Scenes from the 2016 Bantu Fest. PHOTOS BY BANTU FEST

Music and tourism have opened borders to people of different cultures to live together. As such, Karim Ssaava, a Ugandan musician and radio presenter living in Los Angeles, in United States of America, has organised a festival to bring everyone and anyone to celebrate life in context of culture, tourism and art.

He is famed for Engoma Yange (my drum), a song that featured as a score on the Disneyland hit, Queen of Katwe, build on the story of Ugandan chess player Phiona Mutesi.

A royal, Ssaava is a gifted drummer and dancer with a gift to craft catchy lyrics around issues of culture in an enjoyable manner. He fuses these abilities to entertain audiences in the diaspora.

The second edition of the Bantu Fest is slated for August 17th, and will run under the theme, ‘Uniting Cultures through Art’ in the main auditorium of Burbank Blvd in North Hollywood. A global audience will be able to share stories, performances paint, network and sell and exchange memorabilia.

The Uganda Travel Guide describes the Bantu as a group of people who speak related languages and have similar social characteristics. They hail from the Democratic Republic of Congo (DRC, East and South Africa).

Ssaava says that there will not be a cover or entrance fee in order to attract people to come together share cultural stories and musical offerings that makes them unique from each other, as a people.

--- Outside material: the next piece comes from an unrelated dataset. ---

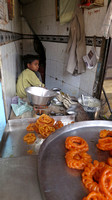 Street food in Delhi.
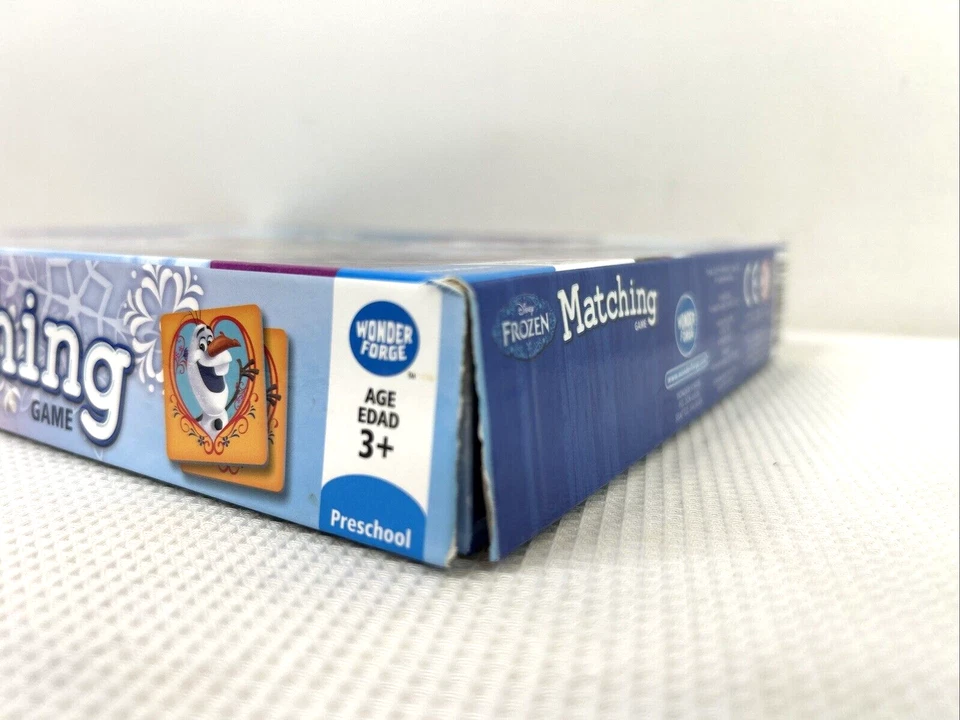 Disney Frozen Matching Memory Picture Card Preschool Game Age 3+ EUC Complete - Image 4 of 4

Part of this year’s presentations will be launch a song titled ‘Freedom Anthem’, a song Ssaava has recorded with artistes from different countries. Along with the song, the organiser will release two music videos; a lyrical one which will showcase the lyrics and another with creative content.

The song tackles global issues, including politics and injustices on the global arena. Last year’s edition attracted revelers from different countries. “We have reached out to tourism boards of different countries to showcase what their respective countries have to offer,” he explains.